Legislation Benefits UEC, Rural Oregon

July 16, 2019


With the end of the Oregon Legislature, bills of special interest to Umatilla Electric successfully passed the finish line and will become law.

SB 408 will allow counties to subdivide Exclusive Farm Use (EFU) land for utility facilities necessary for public service. The bill, which received bipartisan support, will assist UEC and other utilities as they continue to serve their growing communities.

The issue came to light when Morrow County attempted to subdivide land into a smaller parcel for an approved UEC substation on EFU property. It turned out there was no law or rule that allowed it to divide such land into a smaller parcel for utility facilities necessary for public use.

As it stood, either the landowner had to continue to own the property and lease the land back to the utility, or the utility would need to purchase an adjacent parcel to place the structure. The former is problematic because the landowner retains the liability of owning the land under a substation, and the latter results in more EFU being taken out of production.

The situation is not isolated to northeast Oregon. Hood River Electric Cooperative testified the new law will help it improve reliability of the electric grid in the Columbia Gorge.

SB 408 only allows decision makers to subdivide EFU into smaller parcels for utility facilities necessary for public service. It does not give land use planners new authority to approve new conditional uses on EFU.

HB 2896, the Manufactured Home Preservation Act, passed in the closing moments of the legislative session. It is anticipated Gov. Kate Brown will sign the bill and it will take effect Jan. 1.
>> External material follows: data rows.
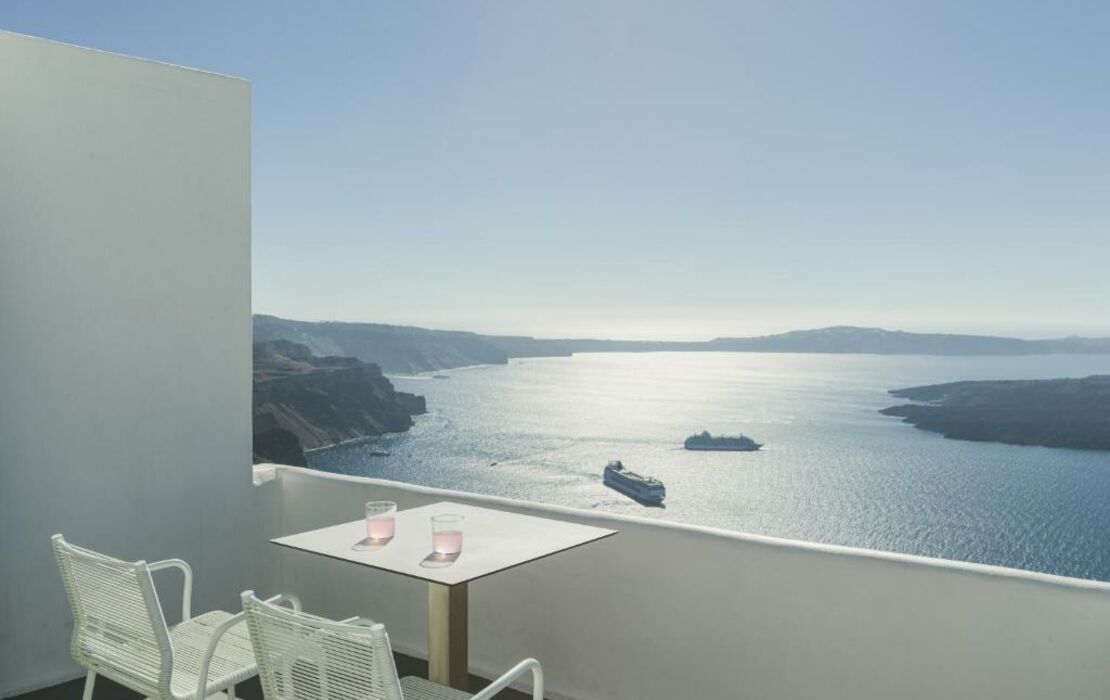 Katikies Chromata Santorini - The Leading Hotels of the World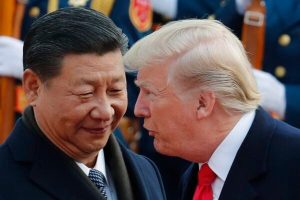 Trump avertizează China cu tarife vamale de 200% dacă nu intensifică exporturile de magneți și materiale rare, declarând că evită această opțiune pentru a nu afectea grav economia țării asiaticeea noastră”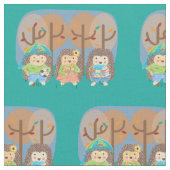 Trois hérisses dans le tissu de l'enfant en bois (Fermer)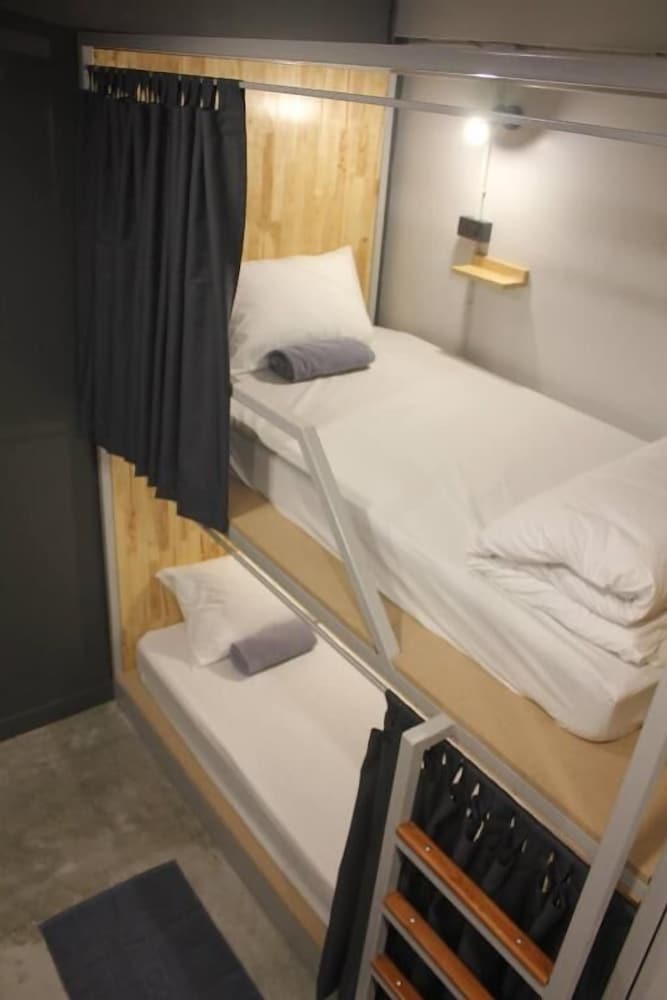 Ekanek Hostel Bangkok - Adults Only 7/32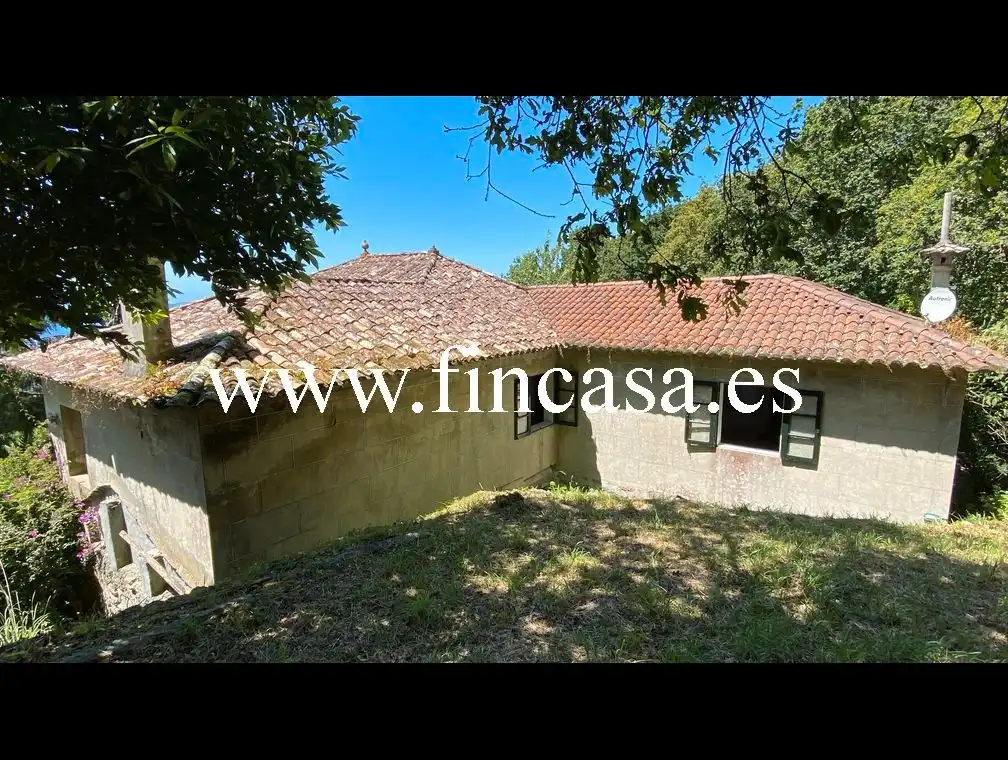 Houses for sale in Nigrán  with Private garden, Parquet flooring and Terrace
The bill includes $9.5 million for a manufactured home park acquisition, $2.5 million for home replacement (including disposal grants and new home loans), $3 million for infrastructure for a new manufactured home park in Springfield, and establishment of an Advisory Council on Manufactured Housing with Housing and Community Services.

An array of social services and business groups advocated for the bill, including the AARP and Network for Oregon Affordable Housing, with Sen. Bill Hansell and Rep. Greg Smith among the bipartisan co-sponsors.

UEC helped encourage support for the bill, since manufactured homes built before energy efficiency codes were adopted can have especially high monthly bills. UEC expects to be involved in rulemaking as the program gets developed.

Local legislators Hansell and Smith and Rep. Greg Baretto worked on a variety of policy and budget bills throughout the session.

Senate Bill 290, introduced by Hansell, makes farmers, ranchers and volunteers immune from civil liabilities resulting from wildfire fighting efforts.
Blue Mountain Community College received funding for a facility that will include an indoor rodeo arena and classrooms for veterinary science, unmanned aerial systems, and other agricultural education.

Among nearly 400 bills passed by the House, Rep. Smith highlighted the following of local interest:

Future Farmers of America (FFA): Requires the Oregon Department of Education to coordinate with Oregon’s FFA to increase student achievement and improve graduation rates, college preparation, and career placement for students enrolled in secondary agricultural courses. The bill increases funding for FFA.

Early Childhood Education: Supports expansions and investments in Hermiston Head Start and at the Port of Morrow’s Early Learning Center.

Expansion of the Umatilla County Jail: Provides $1.6 million for renovation and expansion to include space for mental health care services.